Testing

The Data Packet includes a comprehensive testing suite to ensure reliability and maintainability.

Test Structure

The test suite is organized into several modules, each focusing on a specific component:

Core Tests: - test_core/test_config.py: Configuration management tests - test_core/test_exceptions.py: Exception handling tests - test_core/test_logging.py: Logging system tests

Generation Tests: - test_generation/test_script.py: AI script generation tests - test_generation/test_audio.py: TTS audio generation tests - test_generation/test_rss.py: RSS feed generation tests

Sources Tests: - test_sources/test_base.py: Base article source tests - test_sources/test_wired.py: Wired.com source tests - test_sources/test_techcrunch.py: TechCrunch source tests

Workflow Tests: - test_workflows/test_podcast.py: End-to-end pipeline tests

Utilities Tests: - test_utils/test_s3.py: AWS S3 storage tests - test_cli.py: Command-line interface tests

Test Framework

The package uses Python’s built-in unittest framework with the following patterns:

  • Test Classes: Each component has a dedicated test class inheriting from unittest.TestCase

  • Setup Methods: setUp() methods create mock dependencies and test data

  • Mock Objects: Extensive use of unittest.mock for isolating components

  • Assertions: Standard unittest assertions (assertEqual, assertIn, etc.)

Running Tests

Using Python Directly

# Run all tests
python -m unittest discover tests -v

# Run specific test
python -m unittest tests.test_core.test_config.TestConfig.test_initialization -v

Test Coverage

The test suite achieves comprehensive coverage:

  • 231 Total Tests: Covering all major functionality with 100% pass rate

  • Core: 45+ tests covering configuration, exceptions, and logging

  • Generation: 60+ tests covering AI script generation, TTS audio, and RSS feeds

  • Sources: 50+ tests covering article collection from multiple news sources

  • Workflows: 35+ tests covering end-to-end pipeline orchestration

  • Utilities: 25+ tests covering S3 storage and HTTP handling

  • CLI: 15+ tests covering command-line interface and argument parsing

Key Testing Patterns

Mock Usage

Tests extensively use mocking to isolate components:

def setUp(self):
    self.scraper = WiredArticleScraper()
    self.scraper.rss_client = Mock()
    self.scraper.http_client = Mock()
    self.scraper.extractor = Mock()

    # Configure mock returns
    self.scraper.rss_client.get_latest_article_url.return_value = "https://example.com"
    self.scraper.extractor.extract.return_value = self.sample_article_data

Error Testing

Error conditions are thoroughly tested:

def test_http_error_handling(self):
    self.client.session.get.side_effect = requests.exceptions.Timeout()

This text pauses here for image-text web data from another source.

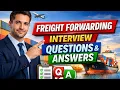 Freight Forwarding Interview Questions And Answers for Beginners and Experts
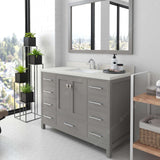 Caroline Avenue 48" Single Bathroom Vanity Cabinet with Sink and Cultured Marble Top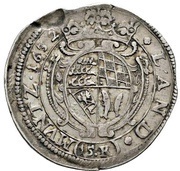 15 Kreuzers - Julius Frederick of Württemberg-Weiltingen, Germany, 1632 reverse image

    with self.assertRaises(RuntimeError) as cm:
        self.client.get_page("https://example.com")

    self.assertIn("timeout", str(cm.exception).lower())

Sample Data

Shared test data is defined in conftest.py:

SAMPLE_ARTICLE_HTML = """
<!DOCTYPE html>
<html>
<head><title>Test Article | WIRED</title></head>
<body>
    <article><p>Test content</p></article>
</body>
</html>
"""

Test Categories

Unit Tests

  • Models: Data validation, serialization, edge cases

  • Clients: HTTP requests, RSS parsing, timeout handling

  • Extractors: HTML parsing, fallback methods, malformed content

  • Individual Methods: Each public method has dedicated tests

Integration Tests

  • End-to-End Flows: Complete scraping workflows

  • Component Integration: How modules work together

  • Real-world Scenarios: Handling actual webpage structures

CLI Tests

  • Argument Parsing: Valid and invalid command combinations

  • Output Formatting: JSON and text output verification

  • Error Handling: Network errors, invalid URLs

  • Process Management: Signal handling, exit codes

Best Practices

Writing New Tests

When adding new functionality:

  1. Create Test First: Write tests before implementation (TDD)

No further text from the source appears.